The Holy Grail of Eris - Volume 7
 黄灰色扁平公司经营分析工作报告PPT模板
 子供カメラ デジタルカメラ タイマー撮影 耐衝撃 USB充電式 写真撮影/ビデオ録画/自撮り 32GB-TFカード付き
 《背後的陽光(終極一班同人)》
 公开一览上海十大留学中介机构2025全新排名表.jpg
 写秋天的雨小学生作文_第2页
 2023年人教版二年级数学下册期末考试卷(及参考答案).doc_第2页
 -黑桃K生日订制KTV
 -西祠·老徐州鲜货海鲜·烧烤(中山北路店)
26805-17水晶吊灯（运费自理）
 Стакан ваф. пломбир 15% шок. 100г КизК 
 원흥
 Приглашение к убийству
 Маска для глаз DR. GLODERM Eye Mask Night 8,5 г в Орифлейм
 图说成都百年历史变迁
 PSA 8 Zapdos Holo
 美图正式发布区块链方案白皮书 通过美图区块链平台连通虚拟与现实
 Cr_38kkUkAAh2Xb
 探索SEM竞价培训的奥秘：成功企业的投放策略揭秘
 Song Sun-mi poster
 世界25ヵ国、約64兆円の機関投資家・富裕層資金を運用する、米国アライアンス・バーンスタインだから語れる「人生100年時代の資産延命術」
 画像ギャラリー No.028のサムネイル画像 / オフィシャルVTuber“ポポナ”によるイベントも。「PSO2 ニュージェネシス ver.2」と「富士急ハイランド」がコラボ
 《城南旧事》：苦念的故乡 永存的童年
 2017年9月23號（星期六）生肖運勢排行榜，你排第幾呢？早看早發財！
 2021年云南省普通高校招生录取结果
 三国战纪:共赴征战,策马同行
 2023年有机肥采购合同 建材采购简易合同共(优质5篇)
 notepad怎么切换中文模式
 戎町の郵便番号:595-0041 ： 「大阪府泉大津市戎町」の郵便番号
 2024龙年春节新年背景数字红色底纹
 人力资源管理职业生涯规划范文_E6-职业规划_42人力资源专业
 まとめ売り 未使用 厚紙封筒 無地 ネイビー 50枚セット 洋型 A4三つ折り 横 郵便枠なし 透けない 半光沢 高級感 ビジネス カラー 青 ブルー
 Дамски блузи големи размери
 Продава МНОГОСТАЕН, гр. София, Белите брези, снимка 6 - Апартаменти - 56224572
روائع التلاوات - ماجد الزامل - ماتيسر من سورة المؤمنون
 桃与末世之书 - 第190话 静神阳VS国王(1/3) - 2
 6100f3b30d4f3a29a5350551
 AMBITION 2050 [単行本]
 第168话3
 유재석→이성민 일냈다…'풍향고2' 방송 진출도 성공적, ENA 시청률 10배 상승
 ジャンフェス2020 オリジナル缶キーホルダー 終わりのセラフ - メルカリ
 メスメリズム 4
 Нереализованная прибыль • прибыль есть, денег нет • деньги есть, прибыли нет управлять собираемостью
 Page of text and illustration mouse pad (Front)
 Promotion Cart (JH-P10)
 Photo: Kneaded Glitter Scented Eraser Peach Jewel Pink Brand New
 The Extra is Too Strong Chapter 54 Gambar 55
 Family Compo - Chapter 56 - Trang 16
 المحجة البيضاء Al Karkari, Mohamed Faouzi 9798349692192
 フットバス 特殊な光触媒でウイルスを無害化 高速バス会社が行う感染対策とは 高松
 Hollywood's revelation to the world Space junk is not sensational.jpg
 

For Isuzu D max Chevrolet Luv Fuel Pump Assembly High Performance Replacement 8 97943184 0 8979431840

______________________________

EXERCISE: Return exactly the lines in the records above, beginning with the one that holds "Cr_38kkUkAAh2Xb" and ending with the last.

ANSWER TO THE PROBLEM:
 Cr_38kkUkAAh2Xb
 探索SEM竞价培训的奥秘：成功企业的投放策略揭秘
 Song Sun-mi poster
 世界25ヵ国、約64兆円の機関投資家・富裕層資金を運用する、米国アライアンス・バーンスタインだから語れる「人生100年時代の資産延命術」
 画像ギャラリー No.028のサムネイル画像 / オフィシャルVTuber“ポポナ”によるイベントも。「PSO2 ニュージェネシス ver.2」と「富士急ハイランド」がコラボ
 《城南旧事》：苦念的故乡 永存的童年
 2017年9月23號（星期六）生肖運勢排行榜，你排第幾呢？早看早發財！
 2021年云南省普通高校招生录取结果
 三国战纪:共赴征战,策马同行
 2023年有机肥采购合同 建材采购简易合同共(优质5篇)
 notepad怎么切换中文模式
 戎町の郵便番号:595-0041 ： 「大阪府泉大津市戎町」の郵便番号
 2024龙年春节新年背景数字红色底纹
 人力资源管理职业生涯规划范文_E6-职业规划_42人力资源专业
 まとめ売り 未使用 厚紙封筒 無地 ネイビー 50枚セット 洋型 A4三つ折り 横 郵便枠なし 透けない 半光沢 高級感 ビジネス カラー 青 ブルー
 Дамски блузи големи размери
 Продава МНОГОСТАЕН, гр. София, Белите брези, снимка 6 - Апартаменти - 56224572
روائع التلاوات - ماجد الزامل - ماتيسر من سورة المؤمنون
 桃与末世之书 - 第190话 静神阳VS国王(1/3) - 2
 6100f3b30d4f3a29a5350551
 AMBITION 2050 [単行本]
 第168话3
 유재석→이성민 일냈다…'풍향고2' 방송 진출도 성공적, ENA 시청률 10배 상승
 ジャンフェス2020 オリジナル缶キーホルダー 終わりのセラフ - メルカリ
 メスメリズム 4
 Нереализованная прибыль • прибыль есть, денег нет • деньги есть, прибыли нет управлять собираемостью
 Page of text and illustration mouse pad (Front)
 Promotion Cart (JH-P10)
 Photo: Kneaded Glitter Scented Eraser Peach Jewel Pink Brand New
 The Extra is Too Strong Chapter 54 Gambar 55
 Family Compo - Chapter 56 - Trang 16
 المحجة البيضاء Al Karkari, Mohamed Faouzi 9798349692192
 フットバス 特殊な光触媒でウイルスを無害化 高速バス会社が行う感染対策とは 高松
 Hollywood's revelation to the world Space junk is not sensational.jpg
 

For Isuzu D max Chevrolet Luv Fuel Pump Assembly High Performance Replacement 8 97943184 0 8979431840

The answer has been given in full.